**Task item**
Give back exactly the lines of the material below that start at the one holding "Betsey Johnson Quilted" and end at the last line, minus the pictures.

::::::

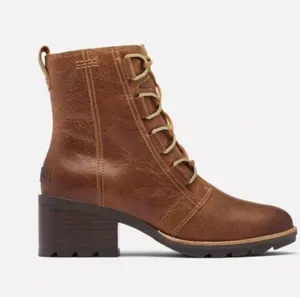 Sorel Cate lace bootie ankle boot sz 9 combat leather brown thumbnail 1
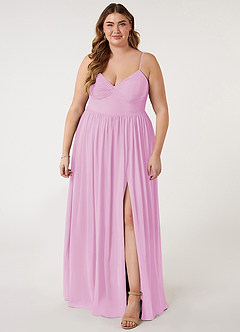 Azazie Zeya Bridesmaid Dresses Candy Pink A-Line V-Neck Pleated Chiffon Dress image6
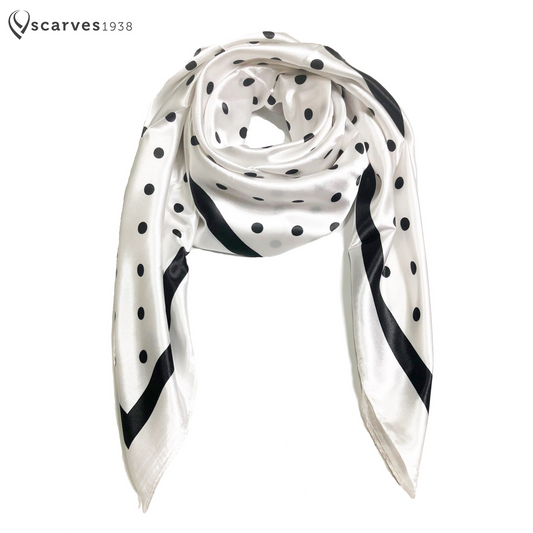 White and black Polka Dot Satin Square scarf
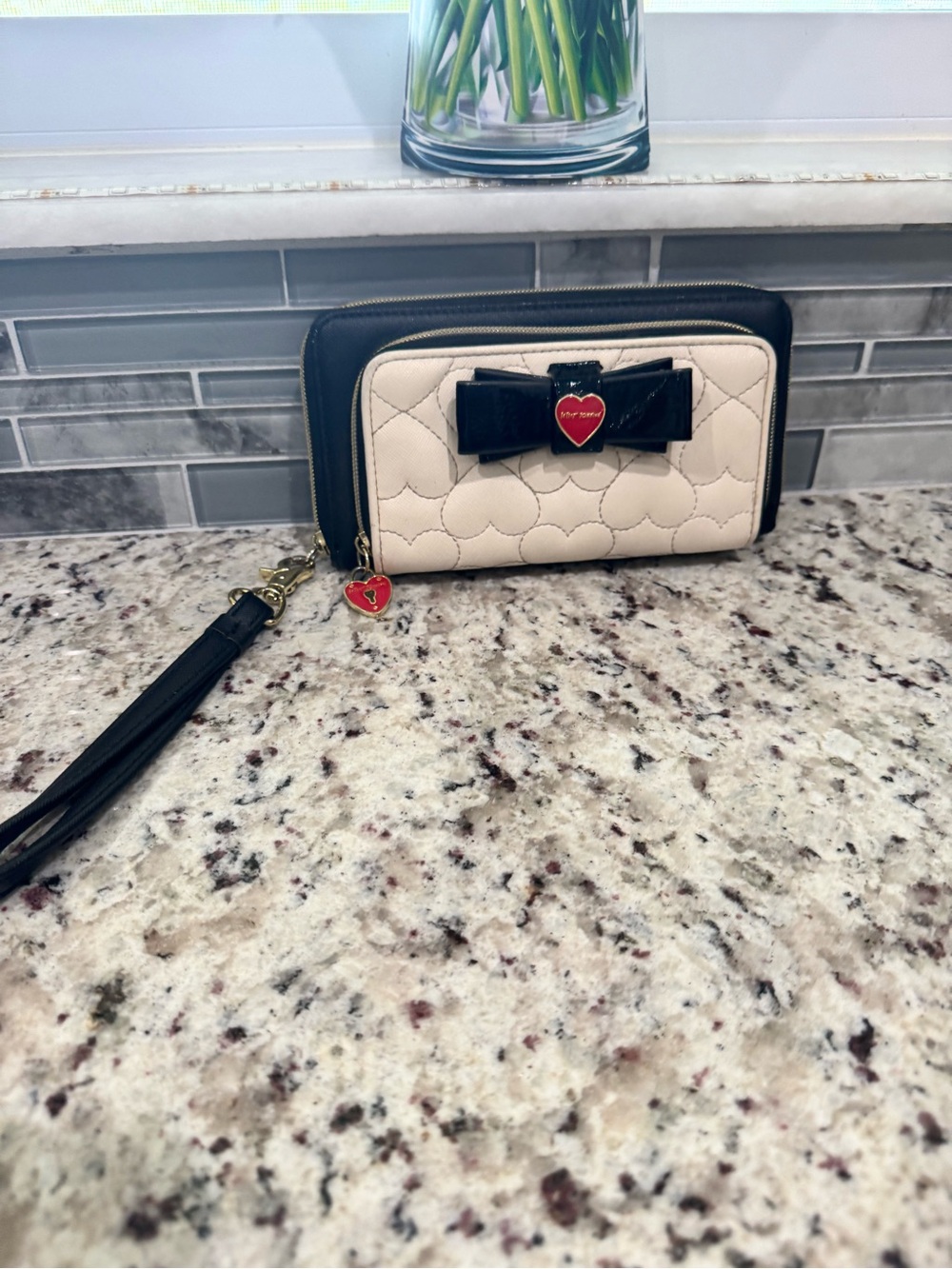 Betsey Johnson Quilted Heart Wristlet with double zip - Picture 11 of 13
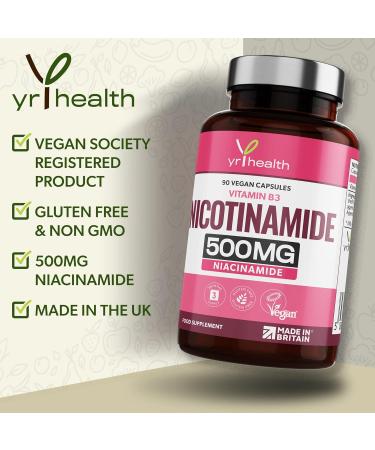 Vegan Nicotinamide Niacinamide 500mg Capsules - Skin & Energy Support - 90 Caps, 3 Months Supply - Made in UK - Buy Online on GoSupps.com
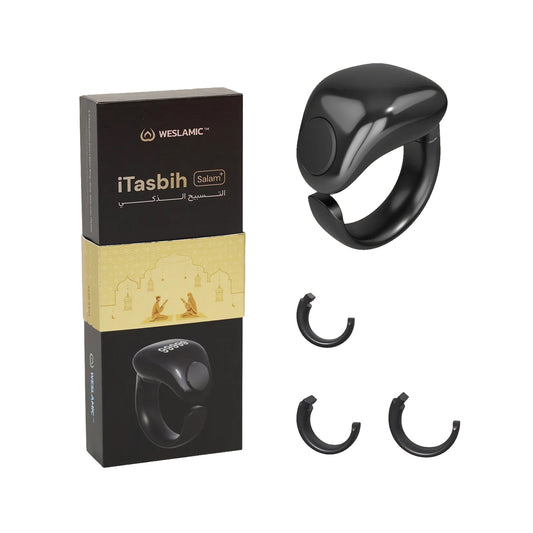 Salam Zikr Ring Smart Tasbeeh Counter Black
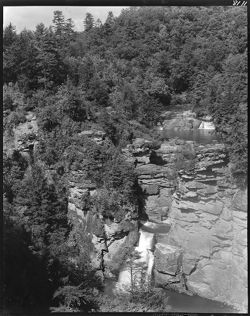 Perpendicular view of falls out of Pineola, North Carolina (Linnville Falls) (orig. neg.)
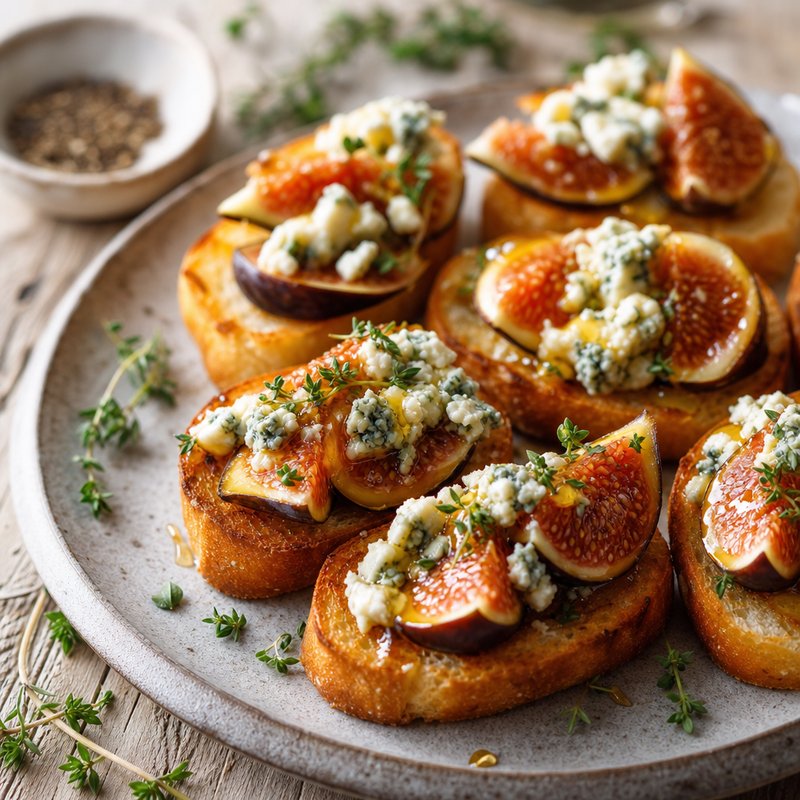 Fig and Blue Cheese Crostini - These delightful crostini are a perfect balance of sweet and savory, featuring ripe, luscious figs paired with rich, creamy blue cheese and a drizzle 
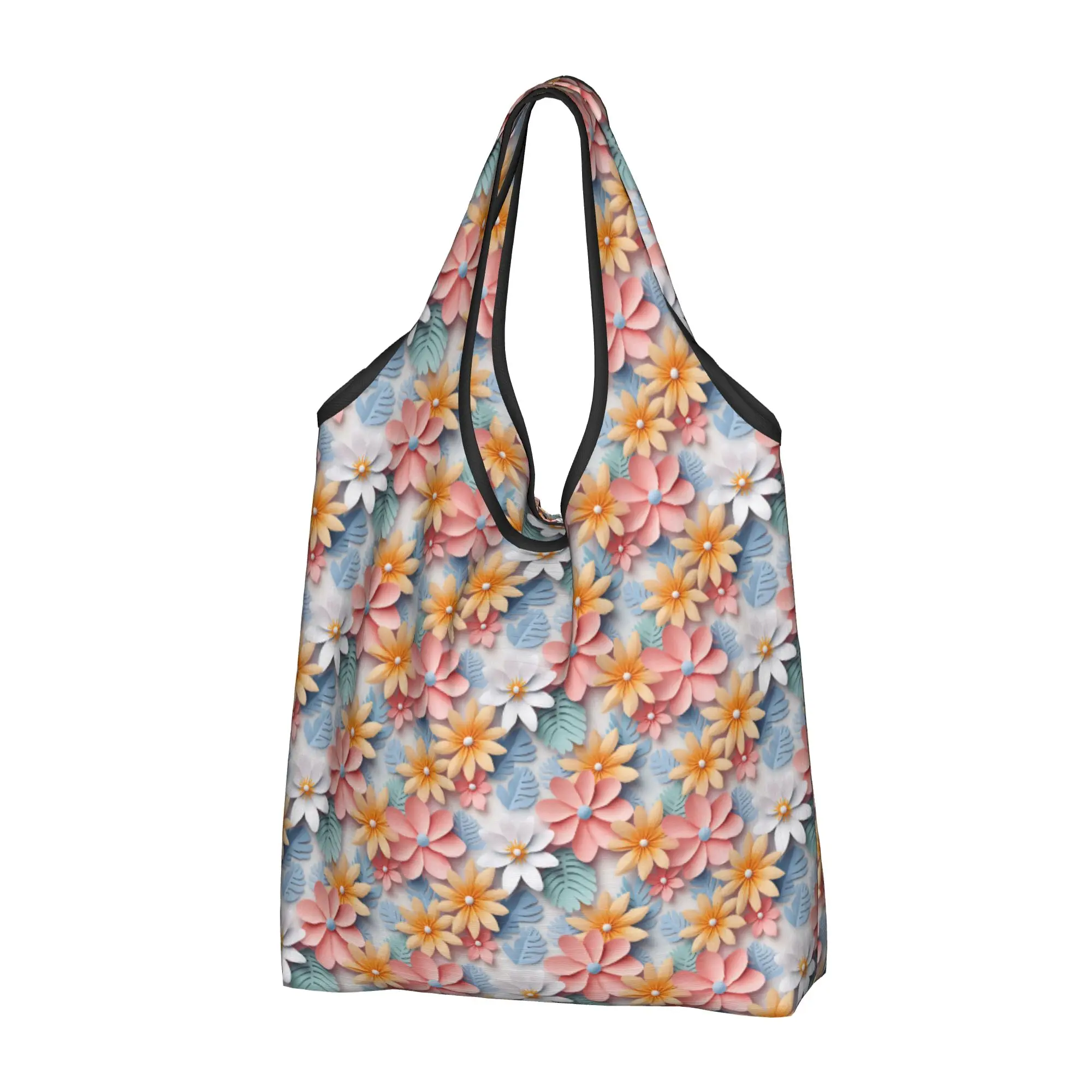 Fashion Trend 3D Flowers Grocery Shopping Bag Custom Shopper Shoulder Tote Bag Large Capacity  Luxury High 3D Floral Handbag
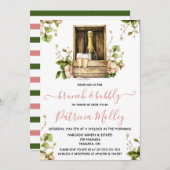 Invitation Brunch & Bubbly, Roses roses et verts, Fête des ma (Devant / Derrière)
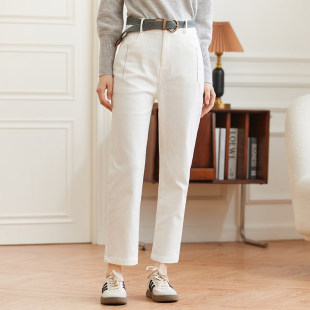 F218GA002 白色长裤 Famecoco范可儿通勤百搭直筒休闲裤 纯棉窄版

::::::

**Expected answer**
 Betsey Johnson Quilted Heart Wristlet with double zip - Picture 11 of 13
 Vegan Nicotinamide Niacinamide 500mg Capsules - Skin & Energy Support - 90 Caps, 3 Months Supply - Made in UK - Buy Online on GoSupps.com
 Salam Zikr Ring Smart Tasbeeh Counter Black
 Perpendicular view of falls out of Pineola, North Carolina (Linnville Falls) (orig. neg.)
 Fig and Blue Cheese Crostini - These delightful crostini are a perfect balance of sweet and savory, featuring ripe, luscious figs paired with rich, creamy blue cheese and a drizzle 
 Fashion Trend 3D Flowers Grocery Shopping Bag Custom Shopper Shoulder Tote Bag Large Capacity  Luxury High 3D Floral Handbag
 Invitation Brunch & Bubbly, Roses roses et verts, Fête des ma (Devant / Derrière)
 F218GA002 白色长裤 Famecoco范可儿通勤百搭直筒休闲裤 纯棉窄版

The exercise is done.